If you are a business owner in Texas and plan to file for divorce, or you have reason to believe your spouse will, now is the time to act when it comes to figuring out property division. At Katie L. Lewis, P.C. we frequently represent business owners in divorce. We firmly believe the more preparation, the better and encourage business owners to reach out to an attorney as soon as they realize divorce is on the horizon.
Business owners find themselves in unique situations. Below are some of the more frequent questions.
Is my business subject to property division in divorce?
Texas is a community property state. What this means is that typically all property accrued during the time of marriage is considered marital property and is subject to division in divorce.

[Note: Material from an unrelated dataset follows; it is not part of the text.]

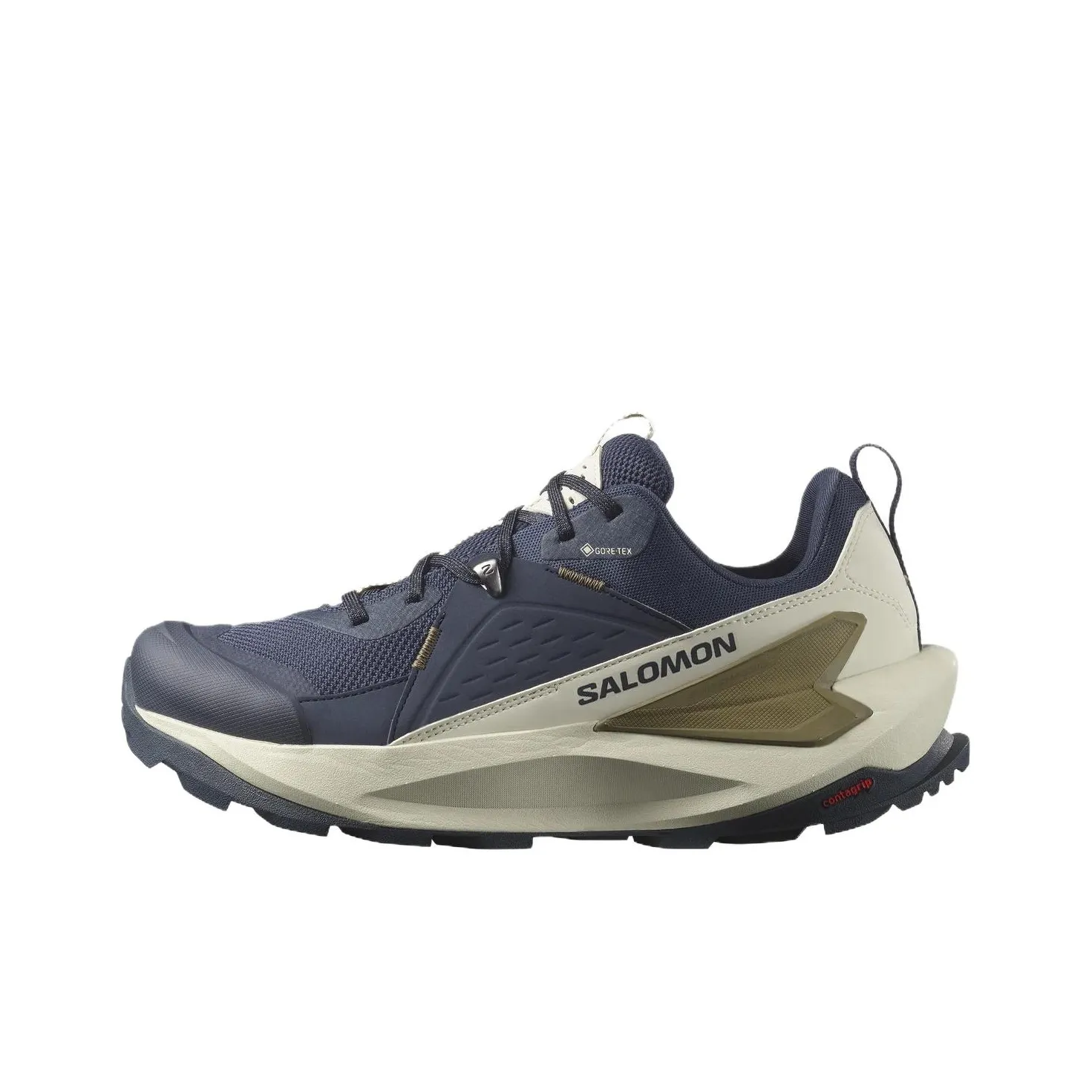 SALOMON Elixir Slip Resistant Abrasion Resistant Низкий Топ Походная обувь Мужская Синий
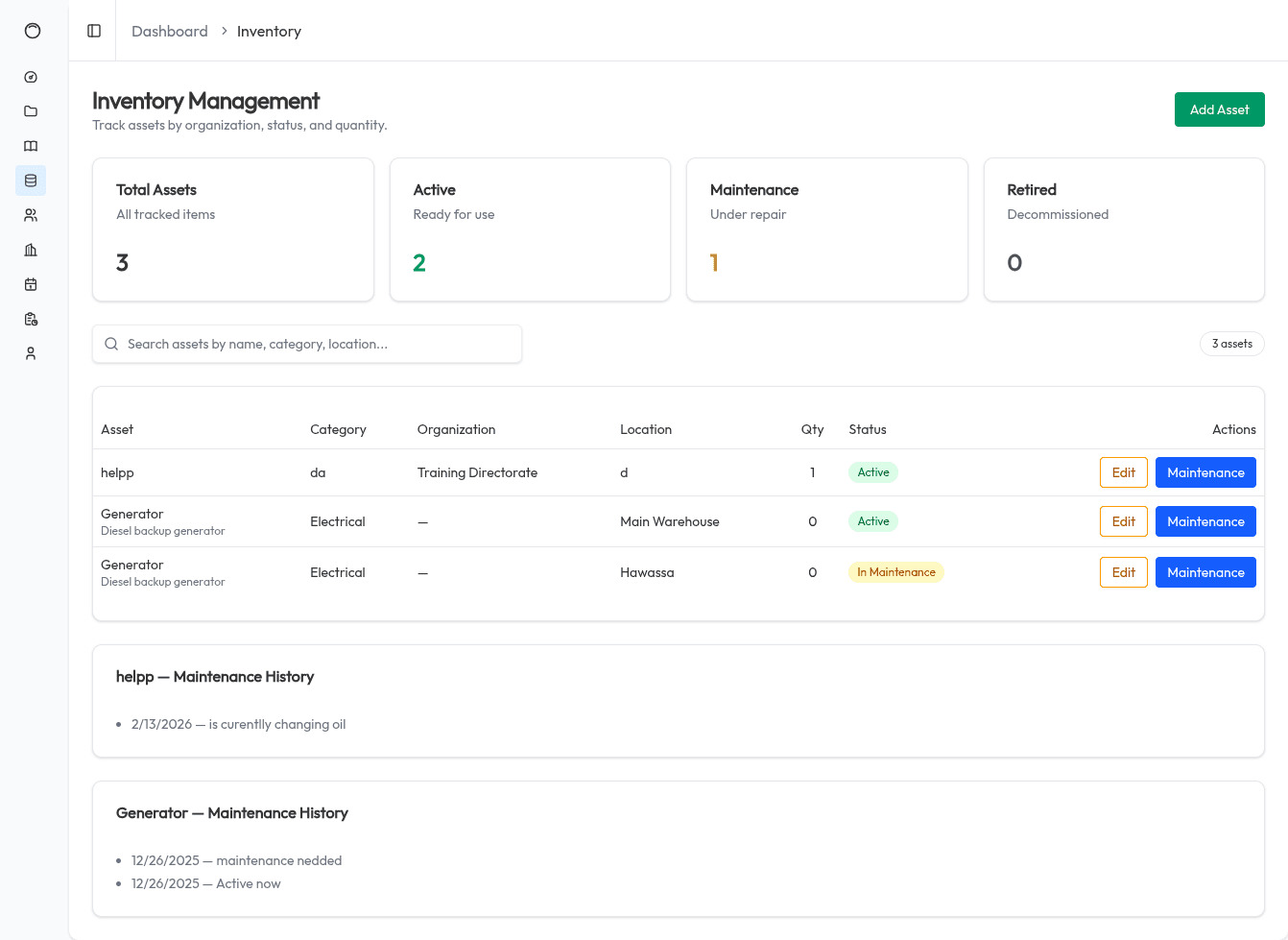 ETWS Internal Management System screenshot 4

For a business owner, this means that without a prenuptial agreement - or shareholder, partnership or operating agreement previously in place -- the business is something that will most likely be considered marital property.
What is important to remember is that this does not mean that one spouse needs to give everything up, or give up their dreams. Rather, you will just want to bring all documentation regarding the business, its assets and other assets -- such as retirement funds, real estate and other investments -- to an attorney to start having discussions on what property division as a whole could end up looking like.
Is the valuation for divorce different from valuation for selling purposes?
Quite often, a business owner will come in saying he or she knows the exact value of their business due to an evaluation that was done prior for possible selling purposes. However, know this is not the same as a valuation for property division in divorce. Rather, the process for protecting one's business and quantifying assets for divorce is different.
What can I do to best protect my business?
When it comes to figuring out and dividing the assets of a business, one does not want to try to go at divorce alone. Nor, should anyone feel pressured to accept an offer without fully realizing its implications. There is simply too much at stake. An attorney will be able to examine the specifics of your business and your divorce situation and work with experts in the field to make sure that all marital and separate property is properly traced from the very beginning.